The Summoning Dance of the Married Couple who Want to Leave a Party

- by Joanie!

A soon-to-be-produced nature video:

Often in nature, the married couple finds themselves at a social gathering. Communicating when one is prepared to leave said social gathering has led to a remarkable evolution in this exceptionally remarkable species.

The couple may be separated briefly, by acquisition of food or drink, relieving oneself in the restroom, or by the dreaded repetitive story or joke told by one member of the marriage, prompting the other to quickly find another room to avoid hearing that stupid story one more time.

Additionally, one member of the marriage may be deep in conversation with a friend or colleague when the other member decides that it is time to leave the party. The reasons for leaving the party have a wide range, and therefore, the behavior of this species can vary significantly in the attempt to draw the mate’s attention and exit with haste.

The more extravagant the spouse who wishes to leave is, the more likely he or she will be noticed. This may anger or irritate the other spouse, as they may be mid-conversation. Some types of this species favor the open floor of a room to draw attention, making physical motions towards the door. These motions, while noticeable, are the most likely to result in a verbal spat in the car on the way home for embarrassing behavior.

Other members of this species prefer to slink past their mate repeatedly, using small eye movements to indicate that they have had enough social interaction. This quick movement may be confused for the opportunity to mingle more with other party guests.

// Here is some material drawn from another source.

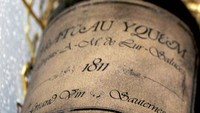 Di London ada sebuah wine atau anggur yang diproduksi sejak tahun 1811. Bernama Chateau dYquem, harga perbotolnya dipatok Rp 1,3 miliar. Foto: Guinness Book of World Record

In others, one member will bring the other their least favorite kind of party cheese or pronounce the bar to be out of a favorite cocktail. Often, this is a pre-arranged code, a means for one spouse to say, “let’s get the [expletive deleted] out of here” without arousing suspicion or ire from hosts or other guests.

Some couples are ready to leave at more or less the same time, but find it difficult to communicate in the throes of a wilder social gathering. In these situations, the two circle one another more and more closely, as in the mating rituals of birds or leopard slugs. Eventually they have the opportunity to whisper “good God, it’s time to go.” Finally, their strange balletic relationship comes to an end.

The couple makes their goodbyes, arranges for transportation, and returns to their dwelling.